Bangkok, Feb. 02: The anti-Thai rioting in Phnom Penh this week was organised by the government of Prime Minister Hun Sen to divert attention from local problems, Cambodian opposition leader Sam Rainsy said in Singapore yesterday.

Rainsy flew into Bangkok from Singapore yesterday afternoon but had to return there after Thai immigration officials refused him entry at the airport.

He planned to hold a press conference at a Bangkok hotel in the evening to speak about the riots that were triggered by reports that a famous Thai actress had claimed Cambodia's world-famous Angkor Wat temples belonged to Thailand, comments which she denied.

"This is part of the whole thing.
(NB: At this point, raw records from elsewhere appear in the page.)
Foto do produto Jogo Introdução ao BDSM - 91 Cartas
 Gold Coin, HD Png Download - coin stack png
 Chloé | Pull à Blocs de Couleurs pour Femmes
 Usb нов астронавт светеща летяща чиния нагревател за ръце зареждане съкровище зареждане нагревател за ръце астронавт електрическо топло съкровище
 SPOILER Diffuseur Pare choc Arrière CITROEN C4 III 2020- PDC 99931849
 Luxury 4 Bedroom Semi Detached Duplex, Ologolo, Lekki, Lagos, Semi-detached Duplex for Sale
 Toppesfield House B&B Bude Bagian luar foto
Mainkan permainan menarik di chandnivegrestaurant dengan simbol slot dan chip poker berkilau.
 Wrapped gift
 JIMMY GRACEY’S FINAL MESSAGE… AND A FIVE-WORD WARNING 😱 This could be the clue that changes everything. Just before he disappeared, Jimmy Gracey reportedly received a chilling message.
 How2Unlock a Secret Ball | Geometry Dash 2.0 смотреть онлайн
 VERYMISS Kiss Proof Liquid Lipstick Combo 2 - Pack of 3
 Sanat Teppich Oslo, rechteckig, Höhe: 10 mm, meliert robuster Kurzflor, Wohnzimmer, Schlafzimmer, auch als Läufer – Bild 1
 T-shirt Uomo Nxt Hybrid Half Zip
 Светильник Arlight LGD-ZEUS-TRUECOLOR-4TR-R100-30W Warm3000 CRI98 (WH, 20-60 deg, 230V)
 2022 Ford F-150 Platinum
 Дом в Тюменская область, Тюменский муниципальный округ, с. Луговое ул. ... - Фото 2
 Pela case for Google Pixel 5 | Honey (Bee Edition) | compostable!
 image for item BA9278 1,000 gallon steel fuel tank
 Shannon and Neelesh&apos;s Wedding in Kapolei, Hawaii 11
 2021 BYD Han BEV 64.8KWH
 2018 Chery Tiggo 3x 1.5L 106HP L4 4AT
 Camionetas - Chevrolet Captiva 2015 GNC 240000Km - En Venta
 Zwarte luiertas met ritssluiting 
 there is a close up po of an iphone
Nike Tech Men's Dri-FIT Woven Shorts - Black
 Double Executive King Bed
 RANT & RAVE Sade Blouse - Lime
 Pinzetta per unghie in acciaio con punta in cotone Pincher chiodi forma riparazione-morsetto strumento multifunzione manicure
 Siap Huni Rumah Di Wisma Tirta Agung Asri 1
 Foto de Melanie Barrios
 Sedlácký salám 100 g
This is a real plan. This is not an accident," he told reporters at Singapore's Changi airport on returning from Bangkok late in the afternoon.

Rainsy said a pro-ruling-party newspaper in Cambodia had published a report on the Thai actress's alleged comments 11 days before the riots. On January 27, Rainsy said, Hun Sen "made a speech broadcast on national radio using xenophobic, anti-Thai language, inciting people to hatred and violence".

He described the speech as "not only an invitation but an encouragement to crime".

Rainsy said that on the eve of the riots he had received reports that government supporters were "organising an anti-Thai demonstration" and were circulating leaflets telling people to be prepared to attack Thai interests. "It was [like] a mobilisation for a war, asking people to join. Then on the 29th, this thing [the riot] happened," he said.

Rainsy was scheduled to meet Bangkok-based journalists at the Regent Hotel at around 7pm. His aides even proposed a live discussion on Nation TV shortly after his flight landed at Bangkok airport.

But Foreign Minister Surakiart Sathirathai said later that the government had decided to bar Rainsy from entering the country because the timing was inappropriate and could worsen the situation.

Chuan Leekpai, the Thai opposition leader, said yesterday that the Thaksin government should have permitted the Cambodian opposition leader to hold his press conference in Bangkok.